Top of Information shown
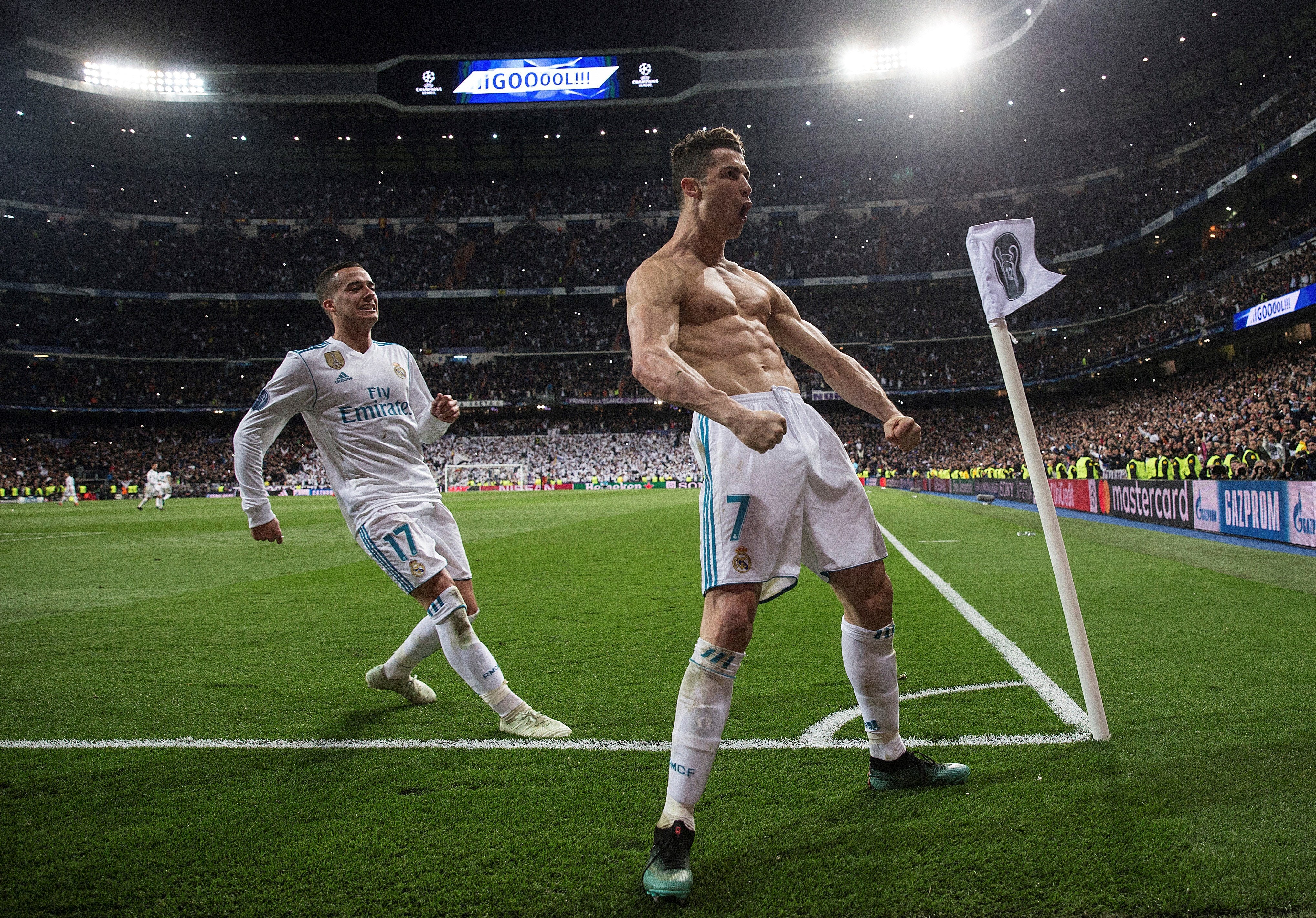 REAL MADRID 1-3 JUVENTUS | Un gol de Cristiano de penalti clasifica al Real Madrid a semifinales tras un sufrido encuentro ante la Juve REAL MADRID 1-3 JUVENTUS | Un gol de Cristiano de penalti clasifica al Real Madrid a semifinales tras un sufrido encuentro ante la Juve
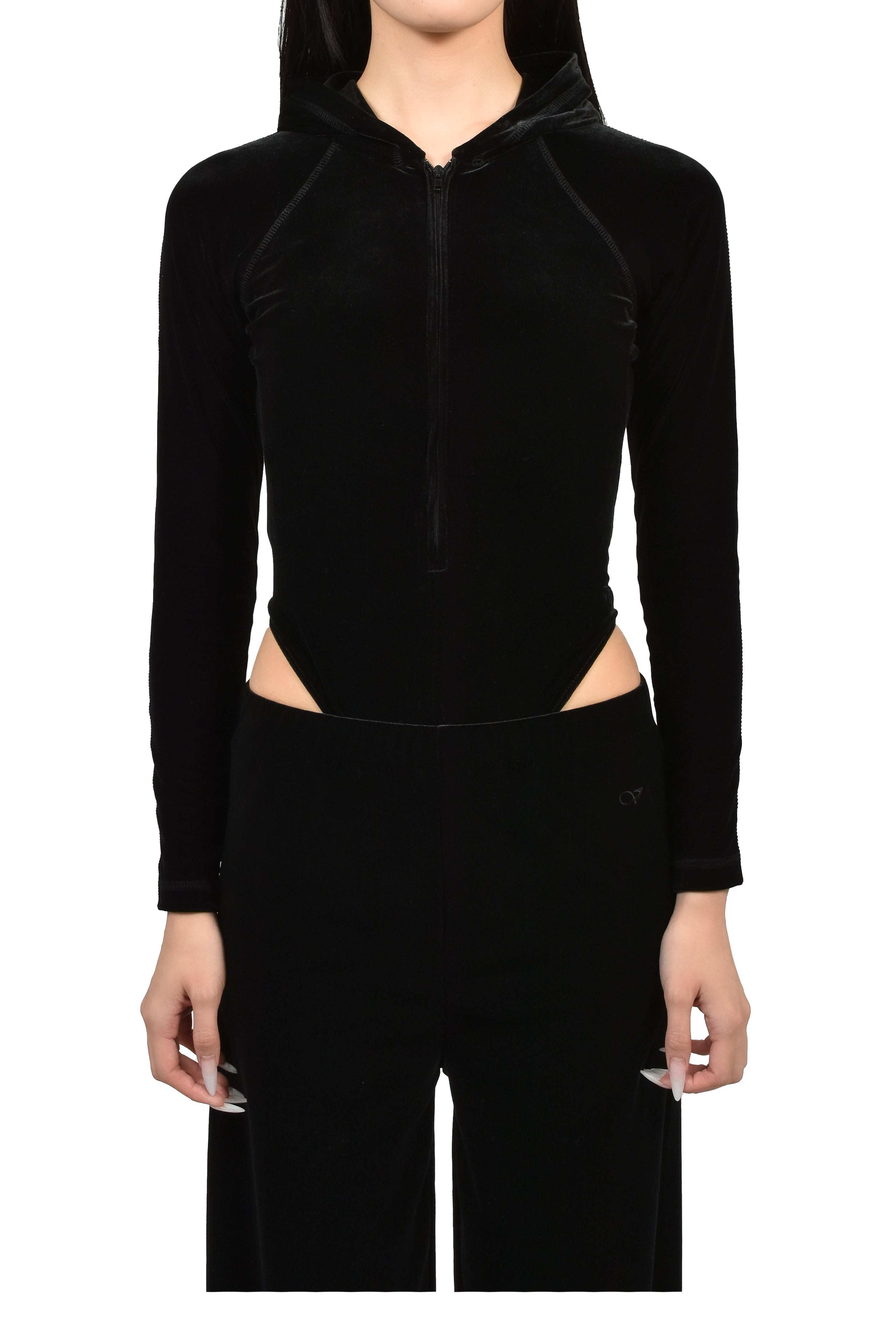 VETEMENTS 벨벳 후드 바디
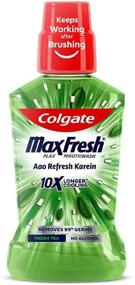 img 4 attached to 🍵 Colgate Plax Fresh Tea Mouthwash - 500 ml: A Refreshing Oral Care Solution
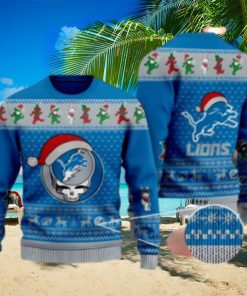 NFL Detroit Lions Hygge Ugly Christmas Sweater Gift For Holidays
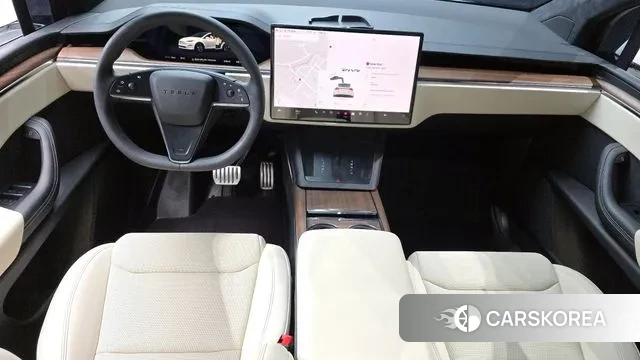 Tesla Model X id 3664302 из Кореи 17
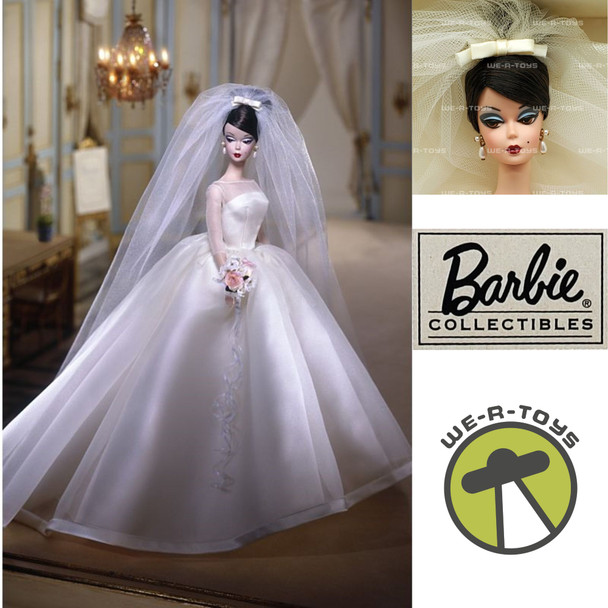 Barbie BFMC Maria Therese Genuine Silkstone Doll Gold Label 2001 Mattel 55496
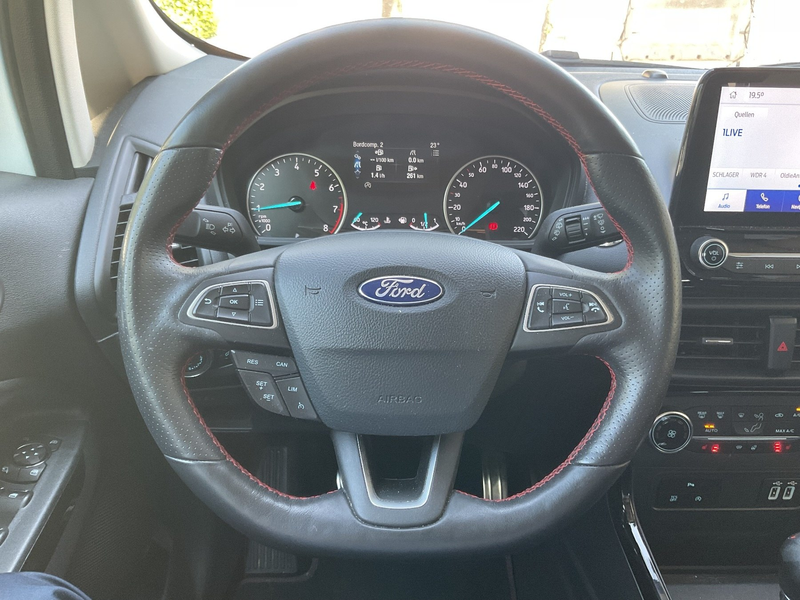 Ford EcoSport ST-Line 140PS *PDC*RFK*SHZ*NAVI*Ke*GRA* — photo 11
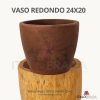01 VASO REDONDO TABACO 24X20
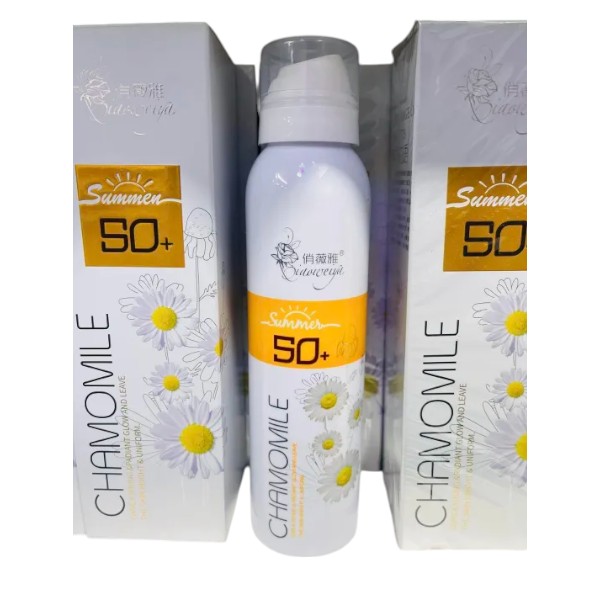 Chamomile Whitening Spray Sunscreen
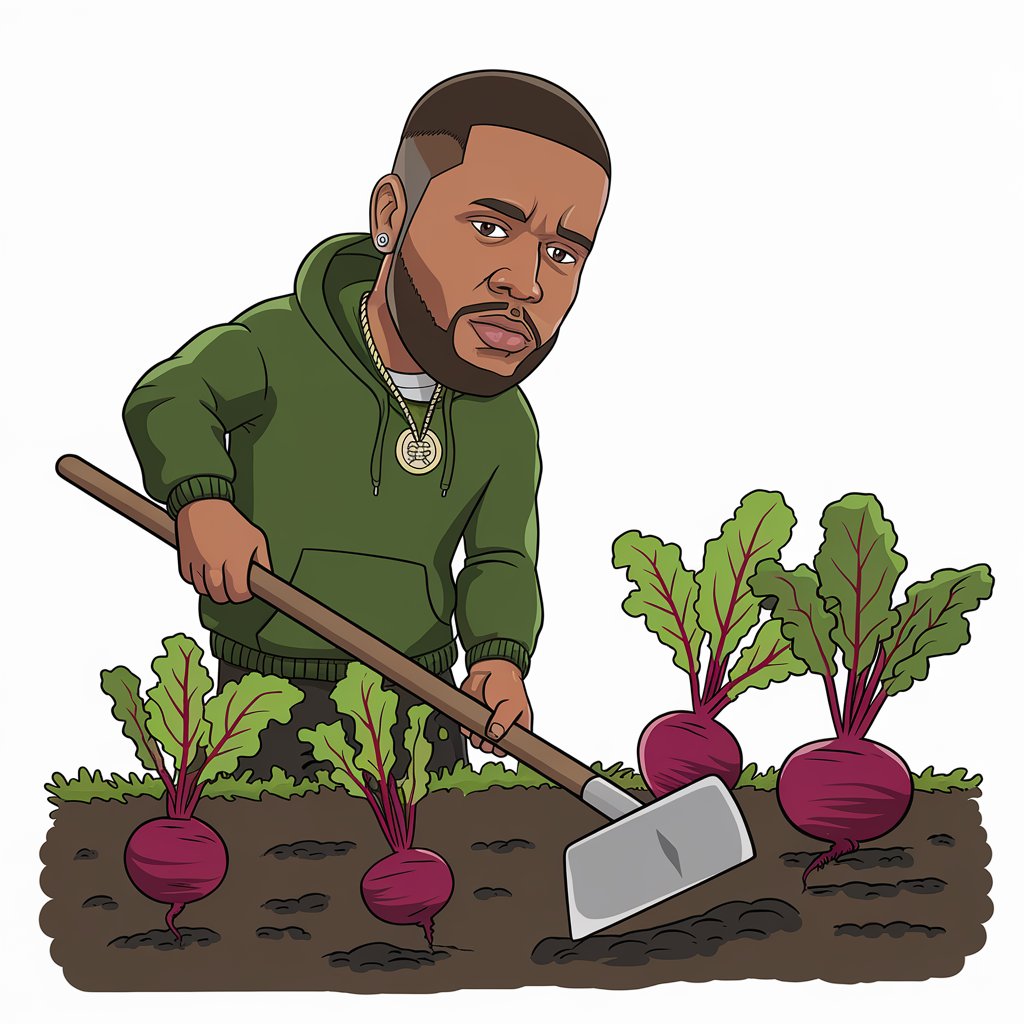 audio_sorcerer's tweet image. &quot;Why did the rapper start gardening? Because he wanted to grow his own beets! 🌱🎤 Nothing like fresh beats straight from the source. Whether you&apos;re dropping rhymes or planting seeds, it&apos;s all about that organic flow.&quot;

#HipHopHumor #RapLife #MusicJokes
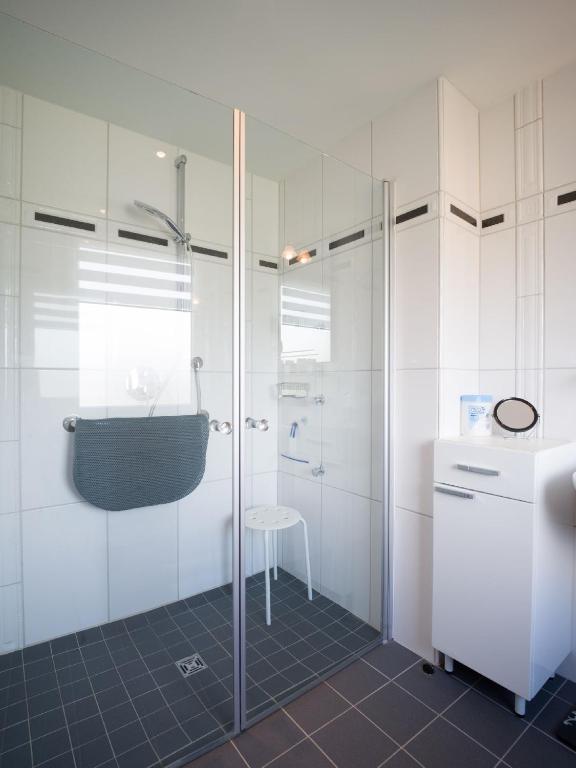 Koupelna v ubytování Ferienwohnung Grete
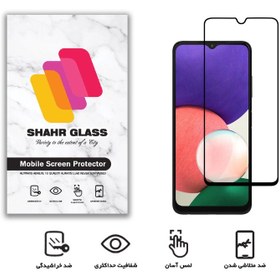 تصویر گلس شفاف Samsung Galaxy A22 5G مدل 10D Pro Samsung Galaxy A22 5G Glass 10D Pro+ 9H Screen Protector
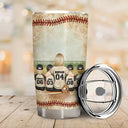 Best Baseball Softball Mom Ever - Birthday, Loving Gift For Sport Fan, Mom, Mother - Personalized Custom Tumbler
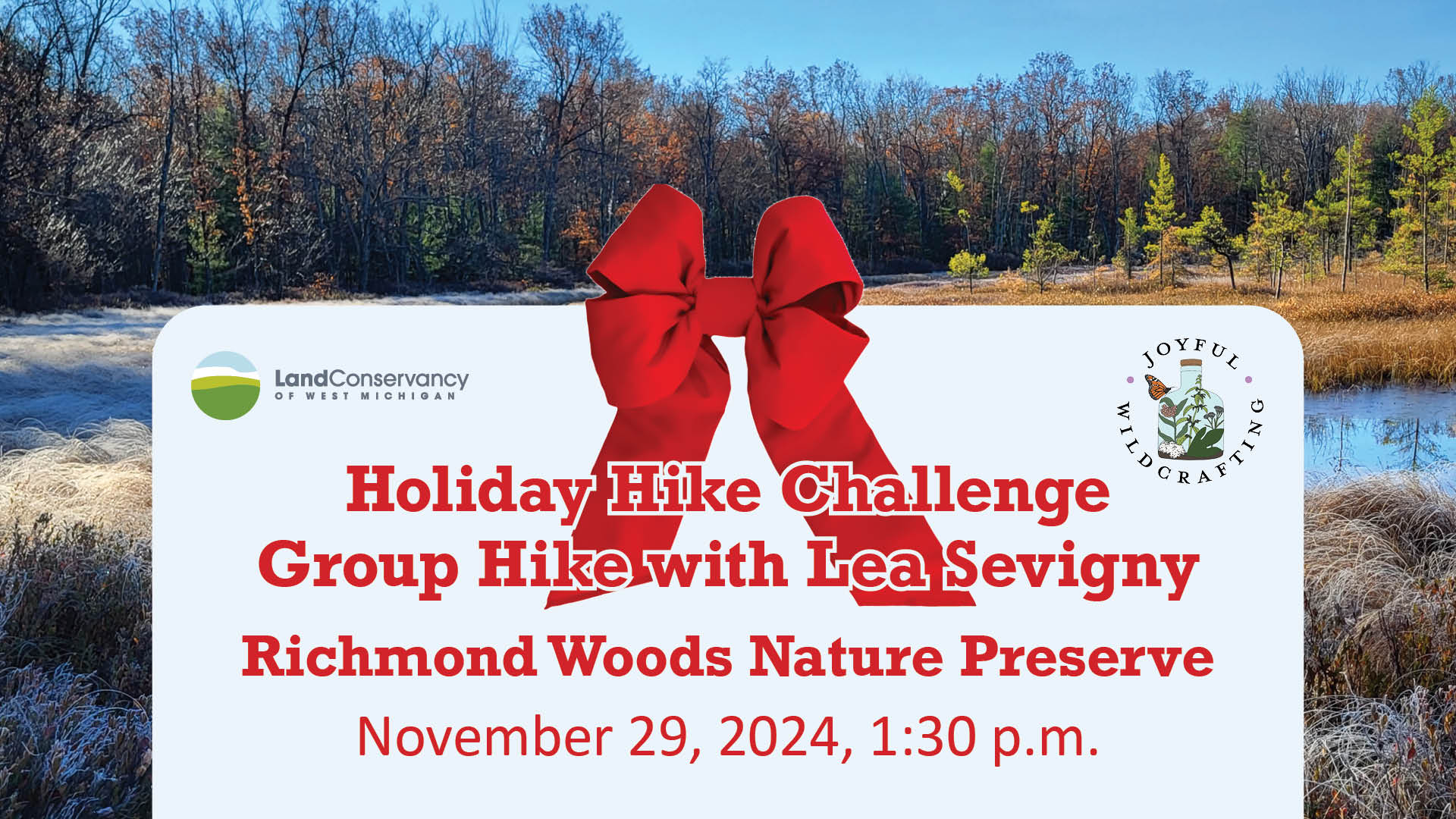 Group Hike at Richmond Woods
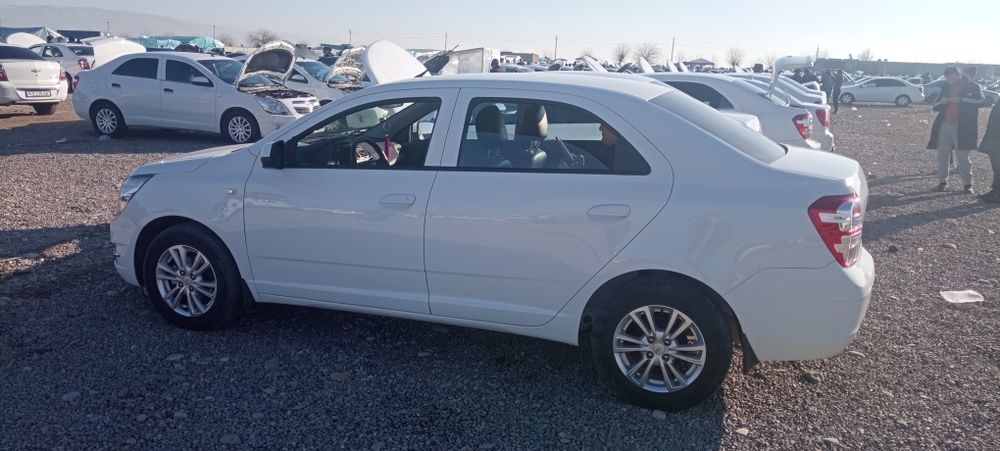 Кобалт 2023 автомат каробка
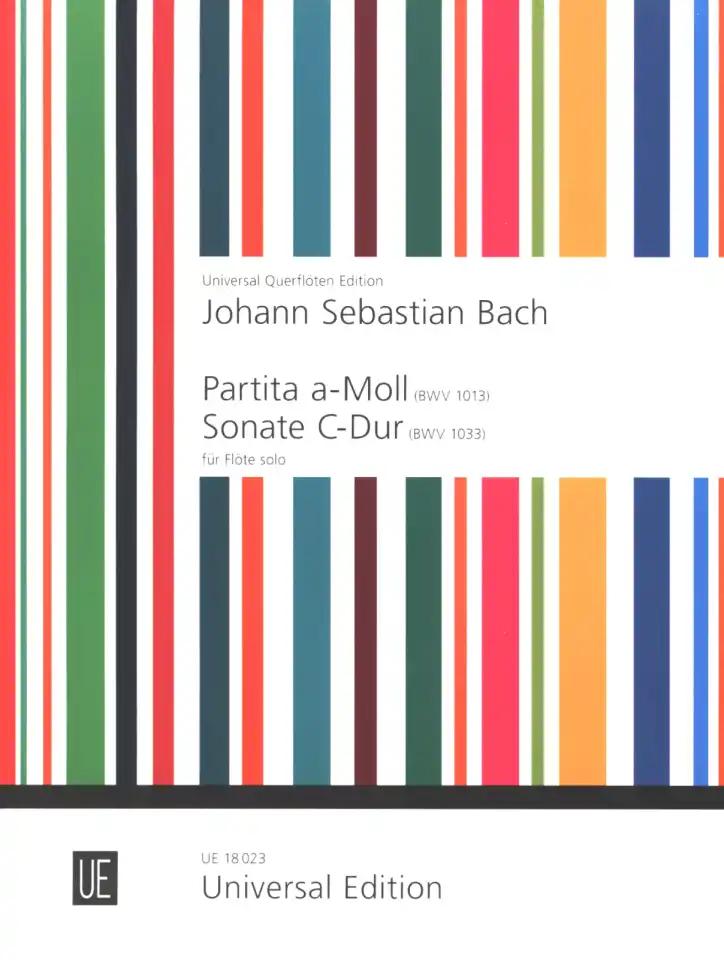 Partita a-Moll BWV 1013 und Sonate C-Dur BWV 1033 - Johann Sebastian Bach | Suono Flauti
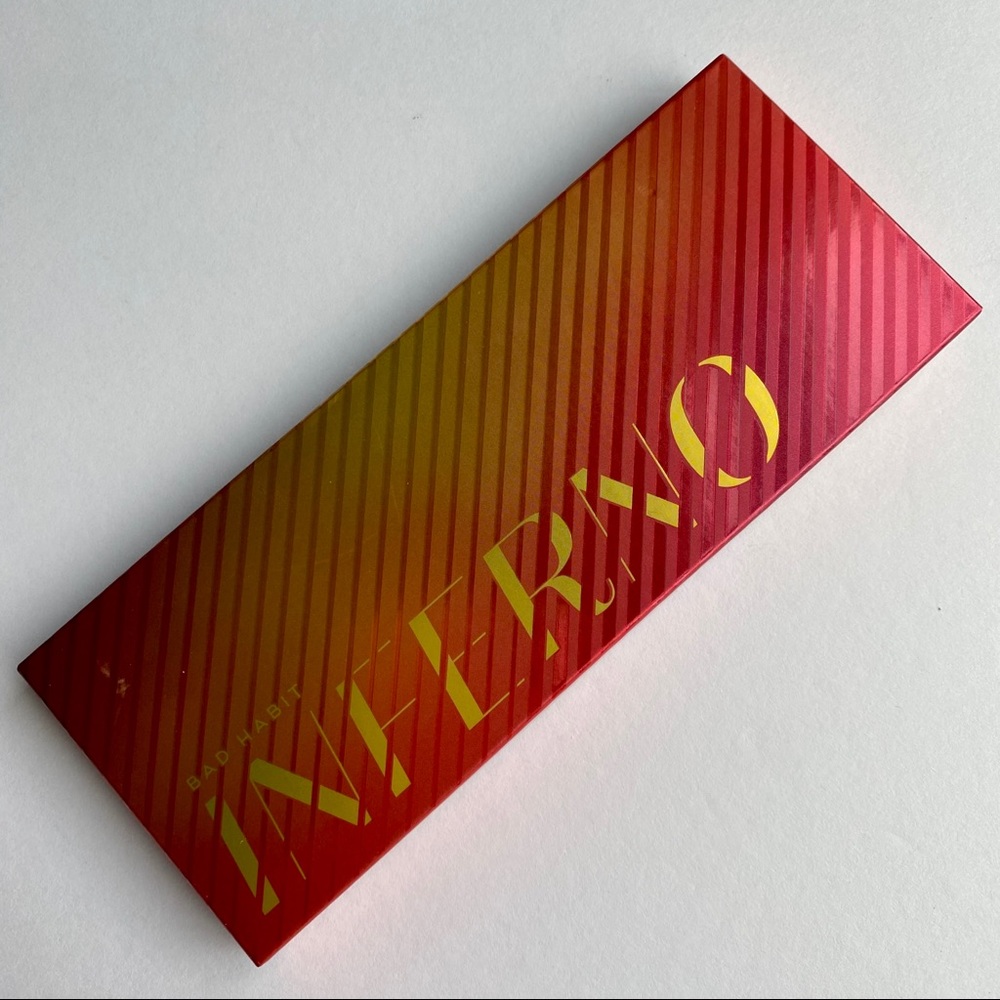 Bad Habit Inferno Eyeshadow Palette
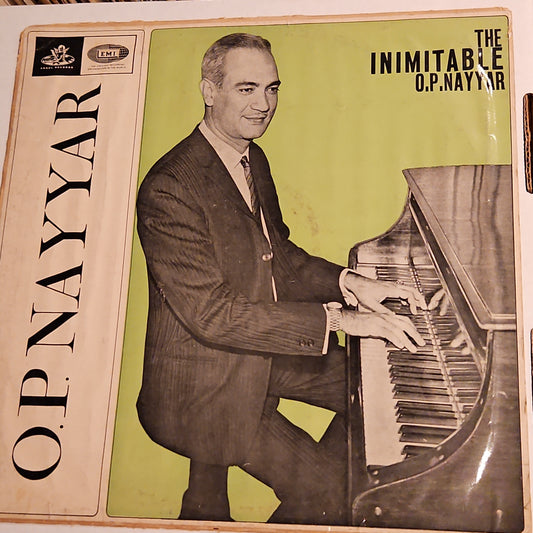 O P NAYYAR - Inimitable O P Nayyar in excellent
Bottom of Information shown
* [Task to carry out]: Once the pictures are set aside, repeat the remaining data word for word.

* [Problem solution]:
 REAL MADRID 1-3 JUVENTUS | Un gol de Cristiano de penalti clasifica al Real Madrid a semifinales tras un sufrido encuentro ante la Juve REAL MADRID 1-3 JUVENTUS | Un gol de Cristiano de penalti clasifica al Real Madrid a semifinales tras un sufrido encuentro ante la Juve
 VETEMENTS 벨벳 후드 바디
 img 4 attached to 🍵 Colgate Plax Fresh Tea Mouthwash - 500 ml: A Refreshing Oral Care Solution
 NFL Detroit Lions Hygge Ugly Christmas Sweater Gift For Holidays
 Tesla Model X id 3664302 из Кореи 17
 Barbie BFMC Maria Therese Genuine Silkstone Doll Gold Label 2001 Mattel 55496
 Ford EcoSport ST-Line 140PS *PDC*RFK*SHZ*NAVI*Ke*GRA* — photo 11
01 VASO REDONDO TABACO 24X20
 Chamomile Whitening Spray Sunscreen
 audio_sorcerer's tweet image. &quot;Why did the rapper start gardening? Because he wanted to grow his own beets! 🌱🎤 Nothing like fresh beats straight from the source. Whether you&apos;re dropping rhymes or planting seeds, it&apos;s all about that organic flow.&quot;

#HipHopHumor #RapLife #MusicJokes
 Koupelna v ubytování Ferienwohnung Grete
 تصویر گلس شفاف Samsung Galaxy A22 5G مدل 10D Pro Samsung Galaxy A22 5G Glass 10D Pro+ 9H Screen Protector
 Best Baseball Softball Mom Ever - Birthday, Loving Gift For Sport Fan, Mom, Mother - Personalized Custom Tumbler
 Group Hike at Richmond Woods
 Кобалт 2023 автомат каробка
 Partita a-Moll BWV 1013 und Sonate C-Dur BWV 1033 - Johann Sebastian Bach | Suono Flauti
 Bad Habit Inferno Eyeshadow Palette
 O P NAYYAR - Inimitable O P Nayyar in excellent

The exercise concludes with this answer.